§ Exercise aim
Among the entries below, retype exactly the lines starting with the one with "Sacoche de vélo" and going on through the one with "Paroi de douche", but not the pictures.

---------- Information given

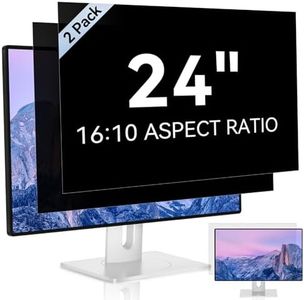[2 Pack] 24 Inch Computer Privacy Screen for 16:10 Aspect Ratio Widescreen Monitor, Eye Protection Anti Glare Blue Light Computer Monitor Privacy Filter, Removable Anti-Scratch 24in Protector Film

--------------------
---------- Information given

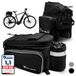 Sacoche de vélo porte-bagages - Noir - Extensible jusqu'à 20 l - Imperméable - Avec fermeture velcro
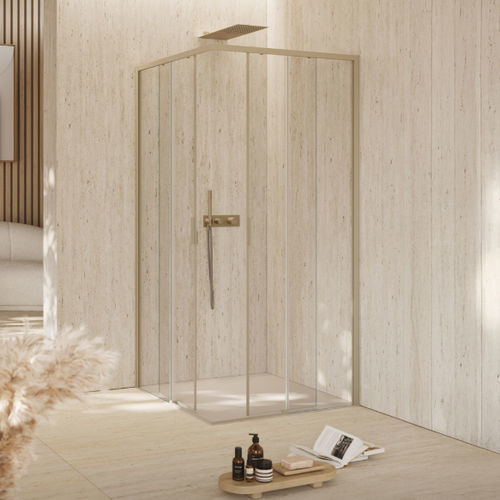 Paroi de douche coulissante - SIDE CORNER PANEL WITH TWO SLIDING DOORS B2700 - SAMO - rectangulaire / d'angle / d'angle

--------------------

§ Finished task
 Sacoche de vélo porte-bagages - Noir - Extensible jusqu'à 20 l - Imperméable - Avec fermeture velcro
 Paroi de douche coulissante - SIDE CORNER PANEL WITH TWO SLIDING DOORS B2700 - SAMO - rectangulaire / d'angle / d'angle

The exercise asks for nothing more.